1991-2021 : le triste bilan du poutinisme

Il y a trente ans le communisme s’effondrait en Europe. L’Union soviétique, qui tenait sous son joug des dizaines de peuples empêchés de se révolter, à commencer par le peuple russe, s’autodétruisait soudainement, faisant naître chez ceux qui subissaient sa tyrannie des espoirs d’émancipation et de liberté. L’une après l’autre, les Républiques de l’immense empire choisissaient de se séparer de la Russie, au premier rang desquelles l’Ukraine et la Biélorussie, ses deux nations sœurs. En Europe centrale, les pays dits satellites, de l’Allemagne de l’Est à la Pologne, en passant par la Hongrie et la Tchécoslovaquie, rompaient avec Moscou. A l’intérieur même de la Russie, la « glasnost » et la « perestroïka » voulues par Mikhaïl Gorbatchev, le nouveau maître du Kremlin, ouvraient la voie vers la démocratie.

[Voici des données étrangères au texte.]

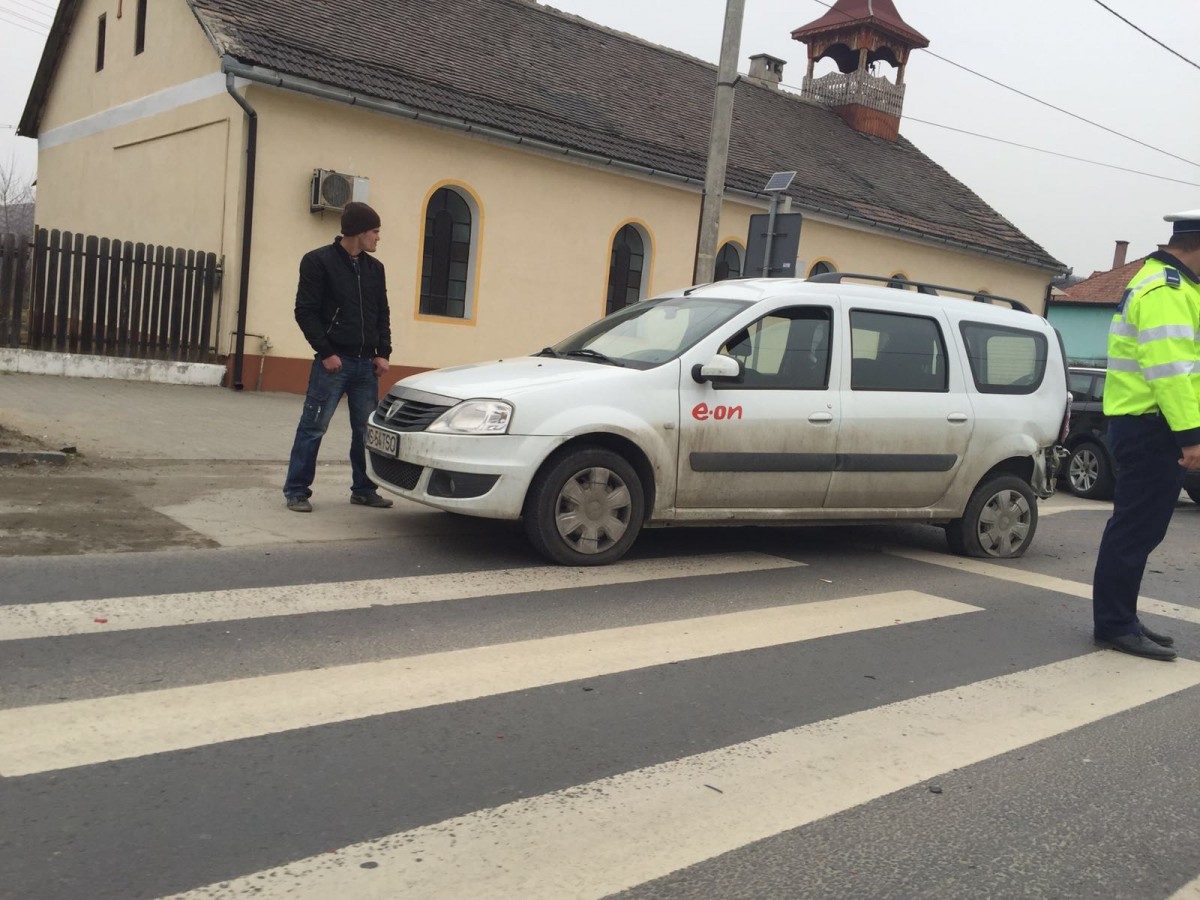 Accident în Copșa Mică. A uitat de frână și a intrat într-o mașină E-on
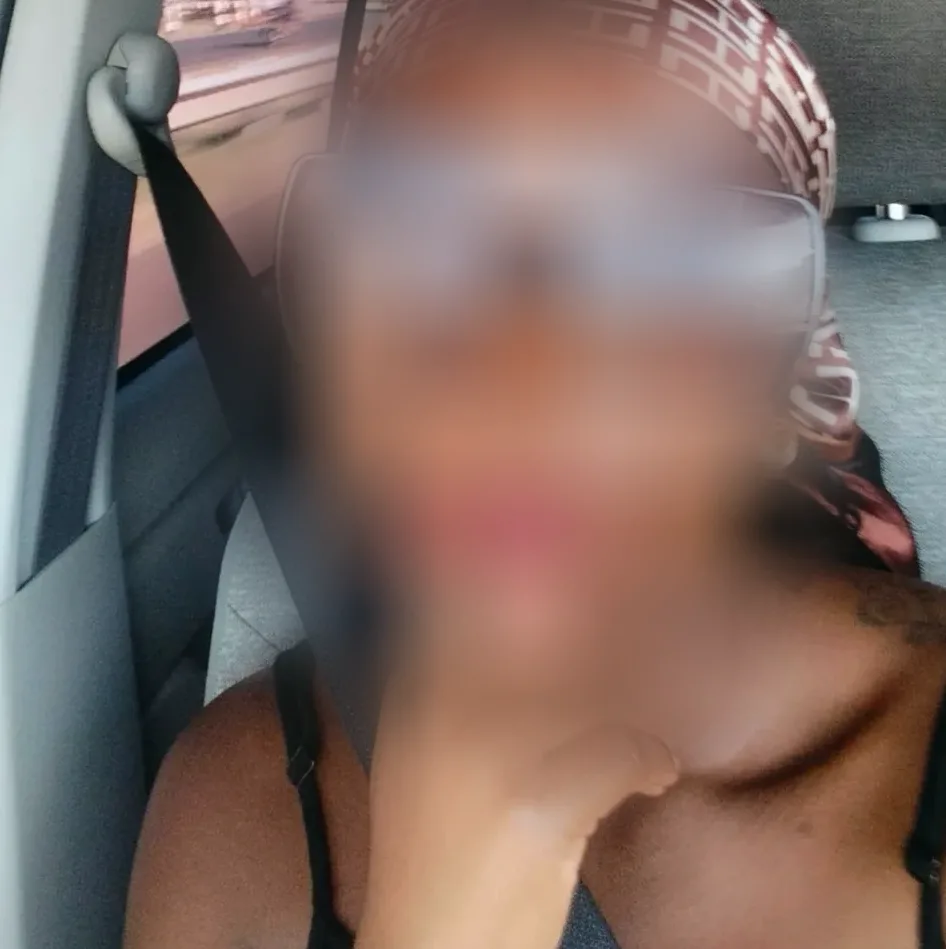 Denise, 29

Bref le paysage politique était totalement bouleversé par la fin de la guerre froide et le nouveau cours de l’histoire russe. Pourquoi cette subite explosion ? Par rejet d’une dictature à bout de souffle. « La société russe étouffait dans le carcan du système de commandement administratif condamné à servir l’idéologie et à porter le terrible fardeau de la militarisation », expliquait Mikhaïl Gorbatchev dans son discours de démission le 25 décembre 1991. « Course aux armements, soutien coûteux à ses alliés et à ses satellites, guerre en Afghanistan : Moscou ne pouvait plus se permettre tout cela », souligne dans un récent entretien donné au Monde l’écrivain russe Boris Akounine. « Ce qui explique, ajoute-t-il, le changement de la politique internationale du Kremlin ainsi que de sa politique intérieure ».

Le vieux monde est de retour

Ce changement a duré dix ans, sous la présidence de Boris Eltsine. En 2021, sous la férule de Vladimir Poutine, le vieux monde est de retour : la continuité semble l’emporter sur le changement. L’ancien officier du KGB devenu président de la Russie a systématiquement remis en cause les acquis de la « révolution » de 1991. De sorte que la société russe souffre comme autrefois, pour reprendre les mots de Mikhaïl Gorbatchev appliqués à la Russie d’avant, d’un « système de commandement administratif » mis au service d’une idéologie et du « terrible fardeau de la militarisation ». Autrement dit, la Russie de 2021 est gouvernée, comme l’ancienne Union soviétique, par un régime autoritaire qui impose son idéologie liberticide, fondée sur un nationalisme exacerbé et sur le dénigrement de l’Occident, et qui renoue avec la militarisation d’antan.

Ce n’est pas tout à fait le retour à l’époque soviétique mais le poutinisme au pouvoir en offre un ersatz assez ressemblant. Sur le plan intérieur, les élections sont truquées, les libertés confisquées et la démocratie bafouée : la répression féroce exercée contre tous ceux qui contestent l’autorité du président russe rappelle le temps du goulag et le traitement indigne infligé à Alexeï Navalny, opposant numéro un du régime, persécuté dans la prison où il a été brutalement jeté, remet en mémoire la cruauté des occupants successifs du Kremlin avant l’arrivée salvatrice de Mikhaïl Gorbatchev. L’idéologie communiste s’est éteinte, celle qui l’a remplacée n’est pas moins attentatoire à l’Etat de droit et aux valeurs démocratiques : la « voie russe » défendue par Vladimir Poutine est celle d’un despotisme affirmé qui reçoit l’approbation de tous les partis de la droite radicale en Europe. De l’extrême gauche à l’extrême droite, la Russie a gardé le même mépris pour les libertés publiques et les droits de l’homme.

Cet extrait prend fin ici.